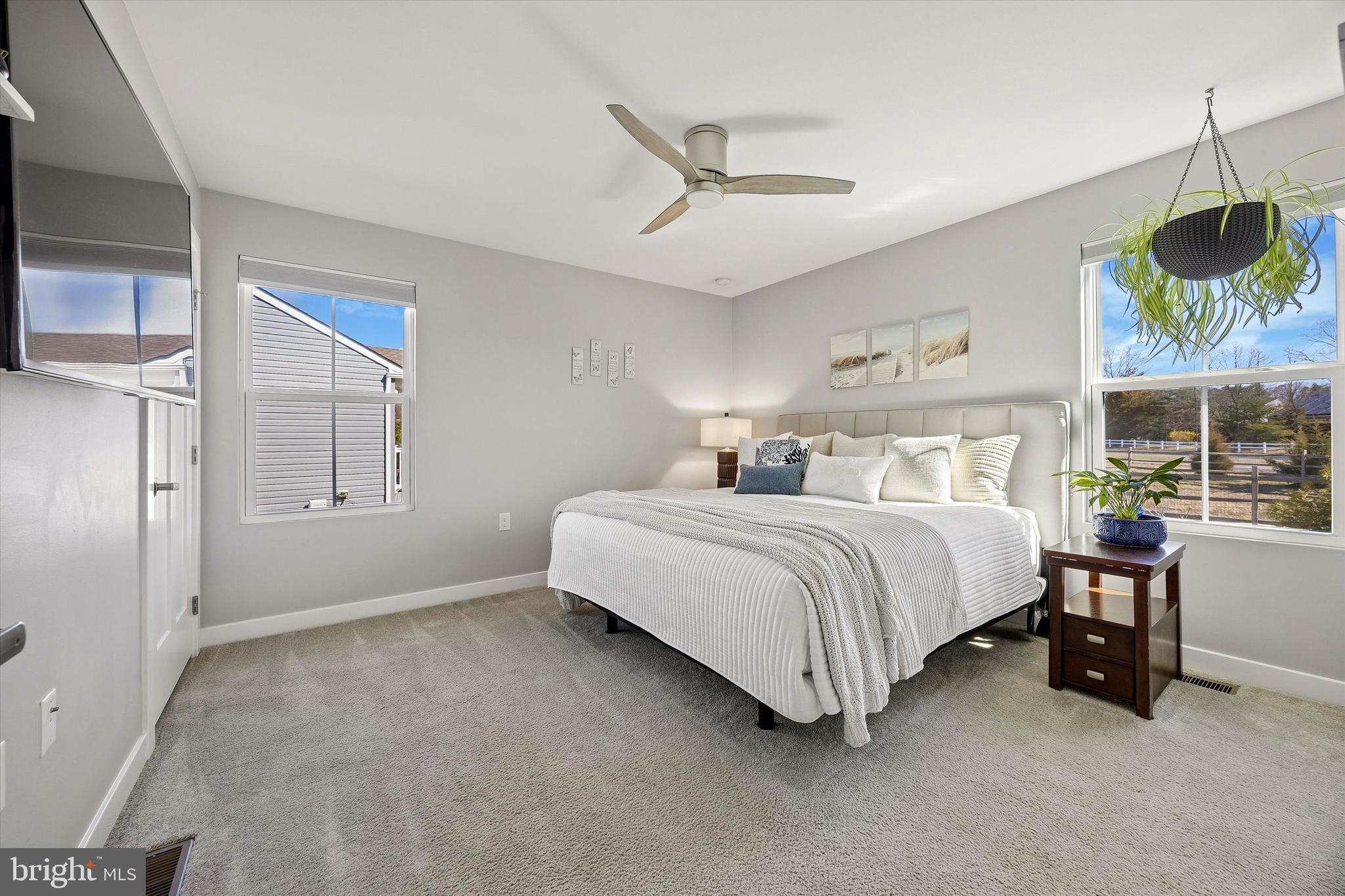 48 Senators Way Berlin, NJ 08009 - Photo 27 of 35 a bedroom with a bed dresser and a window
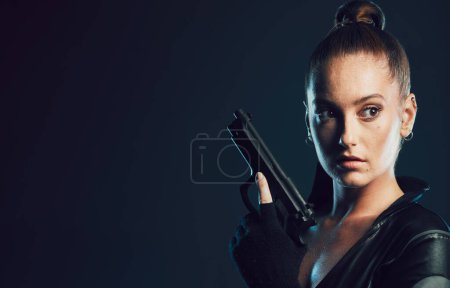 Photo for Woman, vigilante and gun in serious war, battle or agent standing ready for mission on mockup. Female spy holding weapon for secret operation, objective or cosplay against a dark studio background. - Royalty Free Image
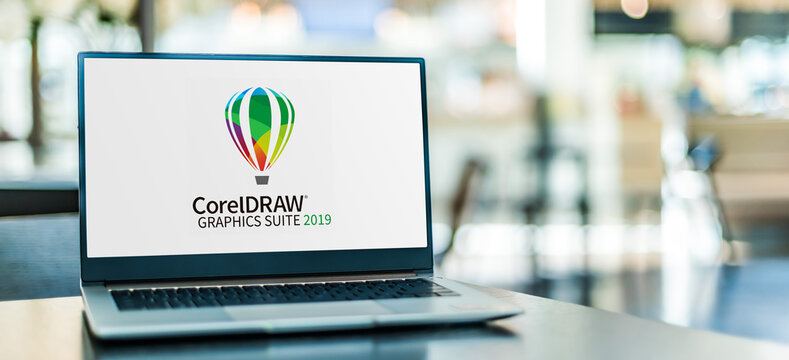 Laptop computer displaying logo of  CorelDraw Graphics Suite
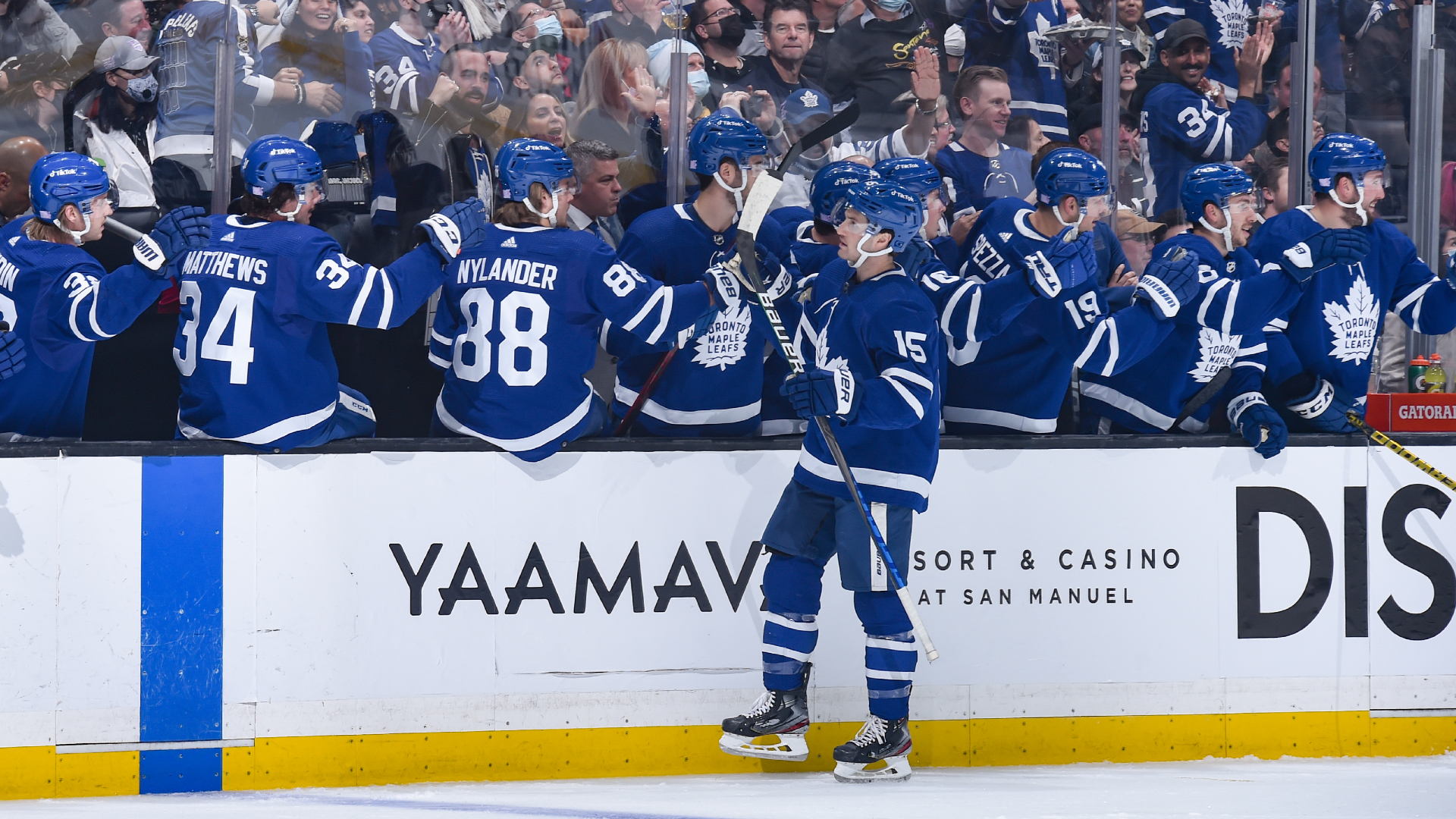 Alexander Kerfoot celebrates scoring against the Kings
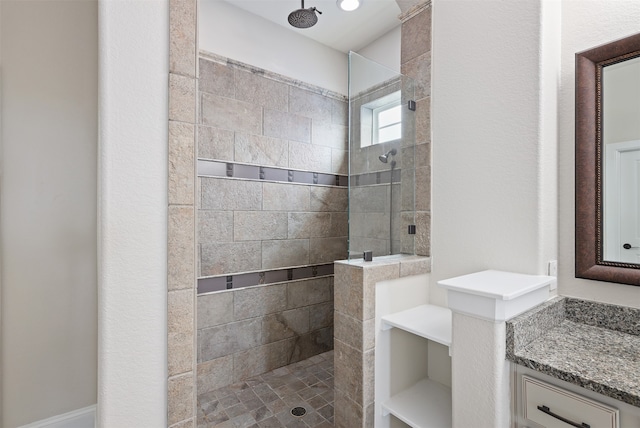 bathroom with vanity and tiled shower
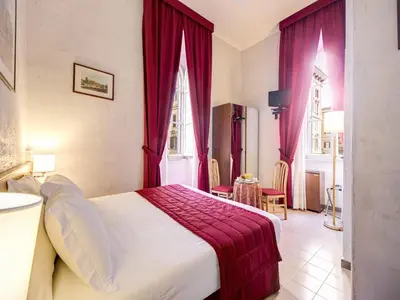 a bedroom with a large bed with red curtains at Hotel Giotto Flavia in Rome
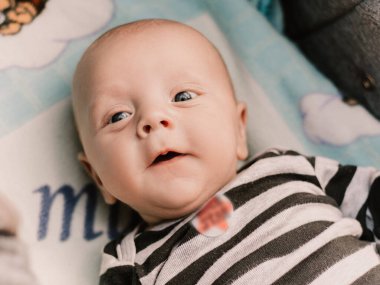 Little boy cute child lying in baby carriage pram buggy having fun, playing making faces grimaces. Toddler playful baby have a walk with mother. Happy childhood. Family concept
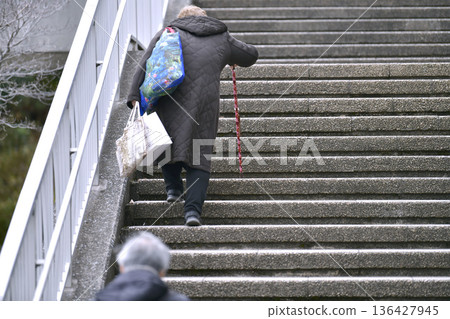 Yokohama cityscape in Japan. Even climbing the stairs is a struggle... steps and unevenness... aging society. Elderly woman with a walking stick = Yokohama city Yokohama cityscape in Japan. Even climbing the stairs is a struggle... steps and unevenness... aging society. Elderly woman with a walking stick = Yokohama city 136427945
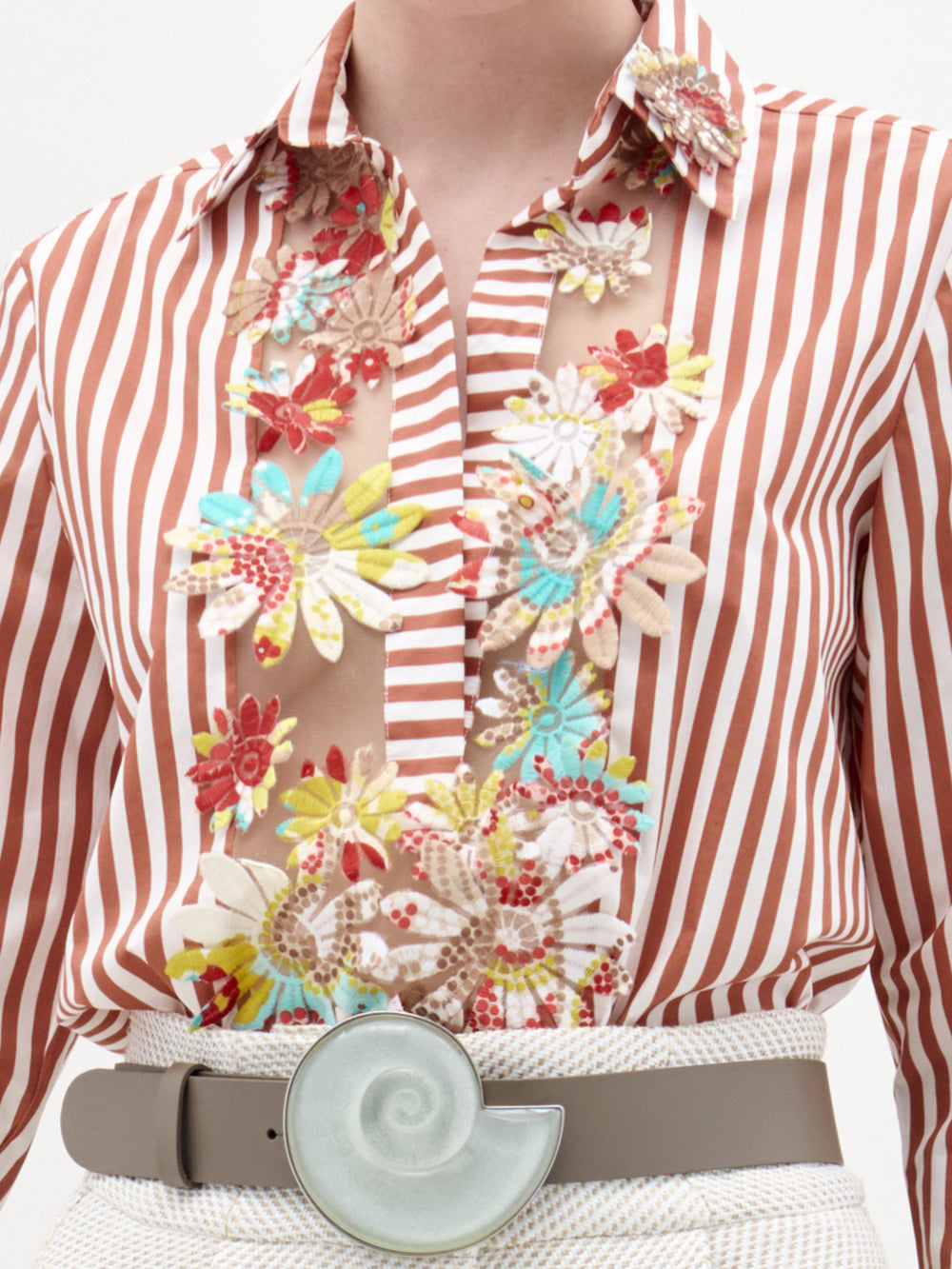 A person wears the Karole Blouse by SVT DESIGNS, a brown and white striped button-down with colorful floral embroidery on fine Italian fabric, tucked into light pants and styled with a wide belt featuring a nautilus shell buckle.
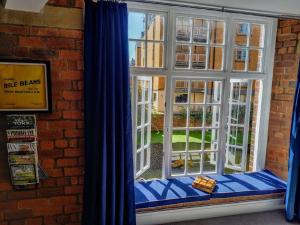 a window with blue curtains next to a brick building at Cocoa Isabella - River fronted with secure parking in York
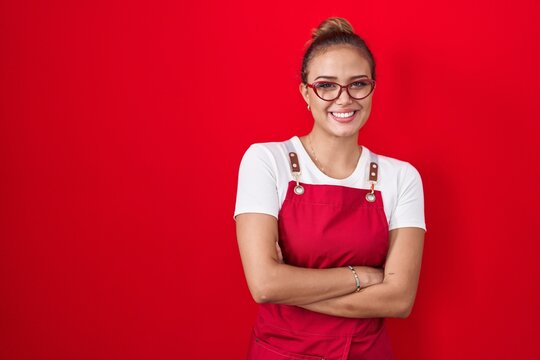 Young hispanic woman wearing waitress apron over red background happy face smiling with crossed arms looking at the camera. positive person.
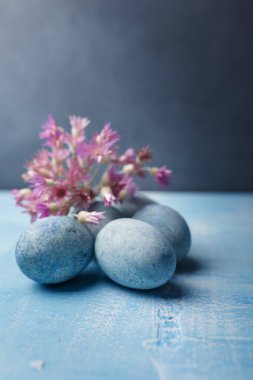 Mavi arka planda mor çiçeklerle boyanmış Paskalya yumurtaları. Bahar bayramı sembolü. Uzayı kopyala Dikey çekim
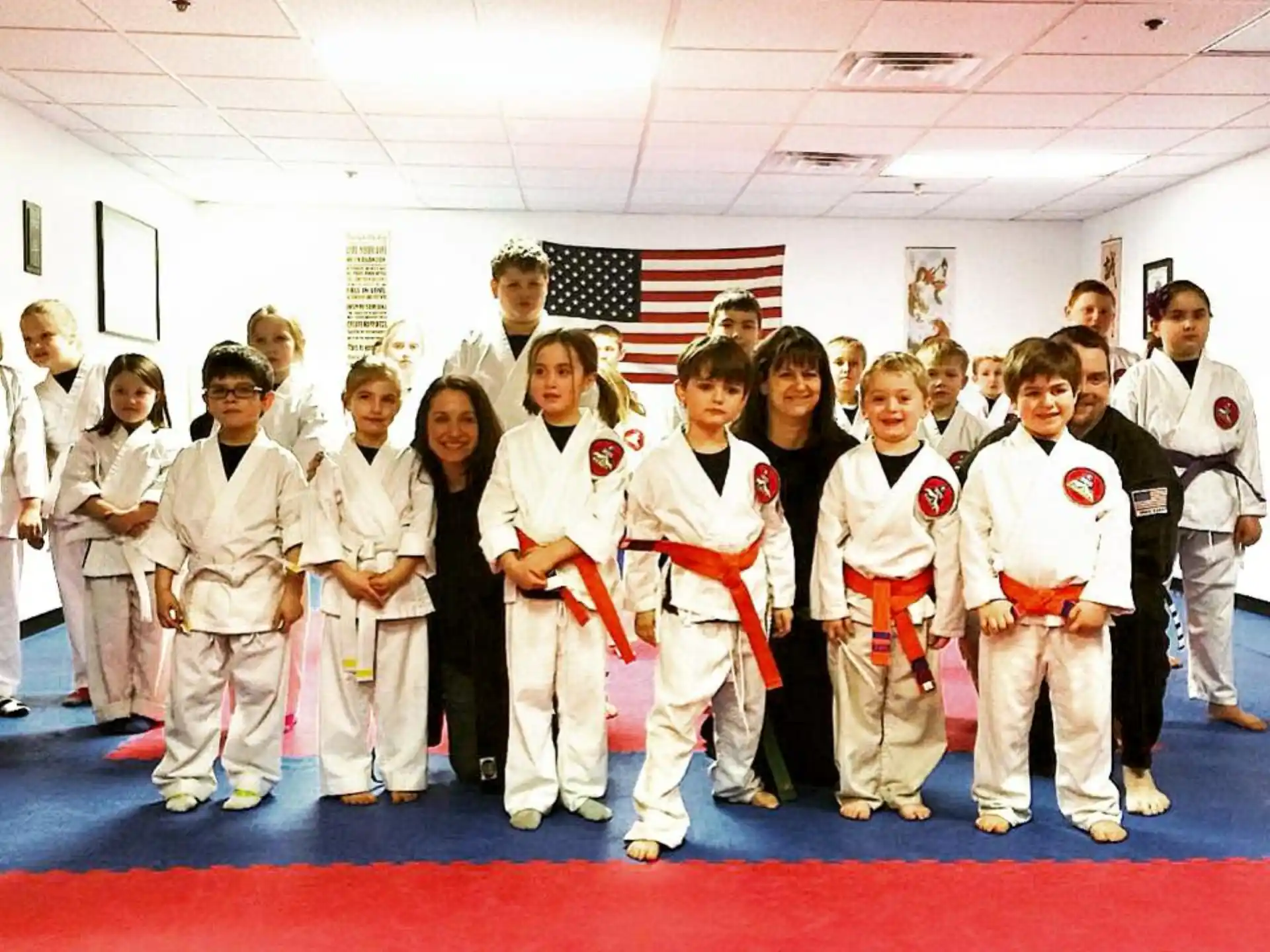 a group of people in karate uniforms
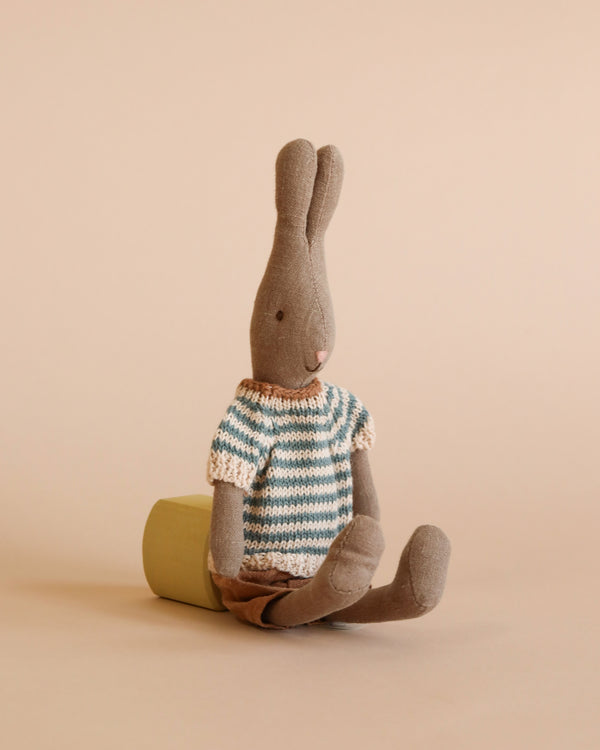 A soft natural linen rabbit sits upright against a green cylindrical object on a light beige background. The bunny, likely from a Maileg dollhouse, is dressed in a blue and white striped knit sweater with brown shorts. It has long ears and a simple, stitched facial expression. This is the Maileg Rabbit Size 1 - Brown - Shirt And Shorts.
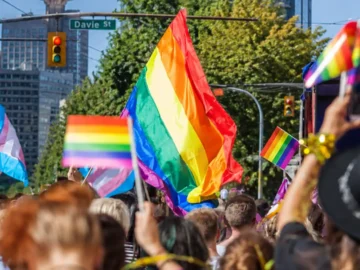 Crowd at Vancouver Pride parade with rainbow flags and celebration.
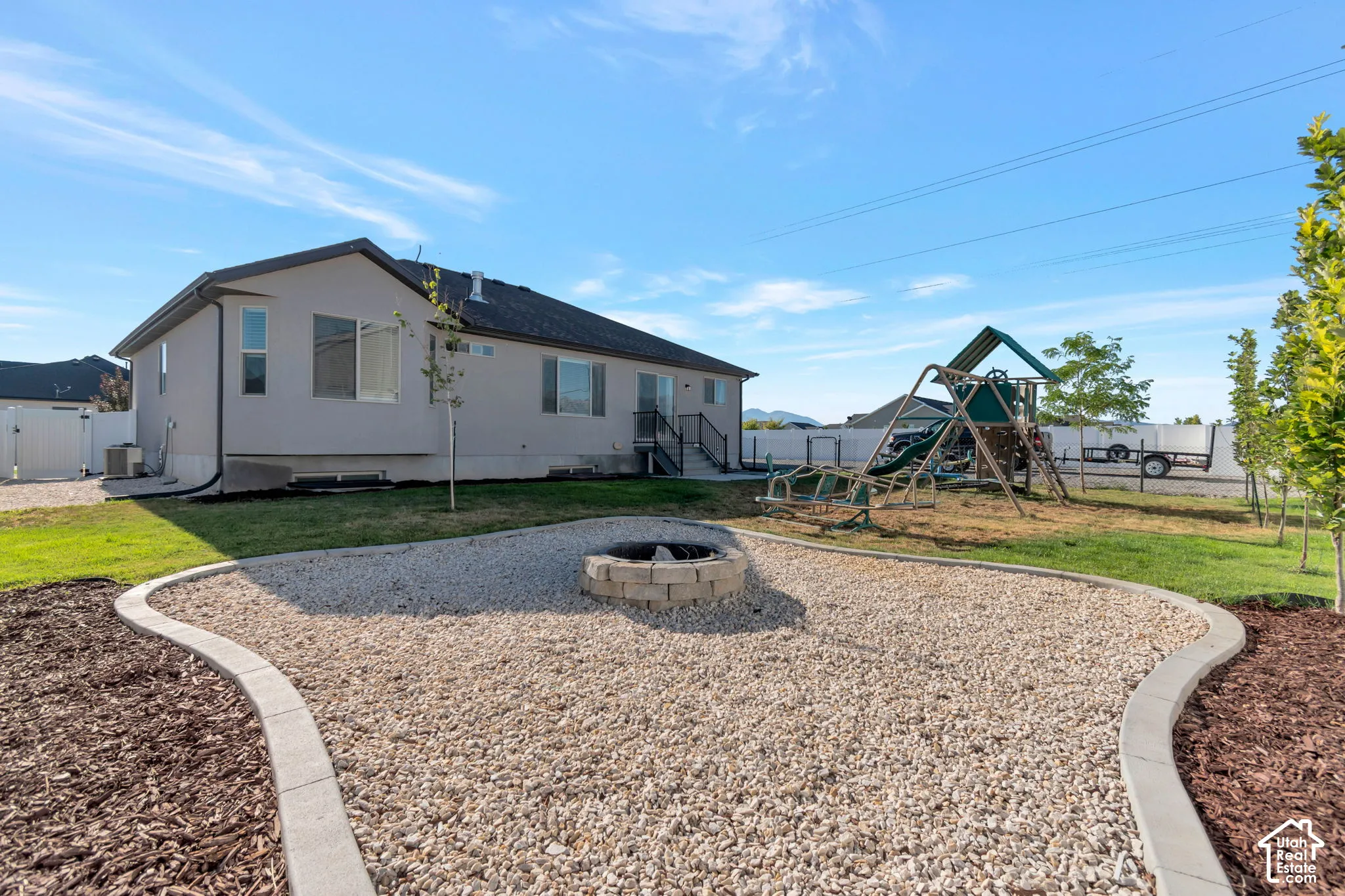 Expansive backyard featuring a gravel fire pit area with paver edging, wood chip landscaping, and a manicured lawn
○ ○ ○ ○
▶ [EXERCISE DETAILS] All pictures are to be skipped. Output, word for word, the lines in the data above starting at the line containing "Alexander Kerfoot celebrates" and ending at the line containing "Little boy cute".

▶ [WORKED SOLUTION]
 Alexander Kerfoot celebrates scoring against the Kings
 bathroom with vanity and tiled shower
 a bedroom with a large bed with red curtains at Hotel Giotto Flavia in Rome
 Little boy cute child lying in baby carriage pram buggy having fun, playing making faces grimaces. Toddler playful baby have a walk with mother. Happy childhood. Family concept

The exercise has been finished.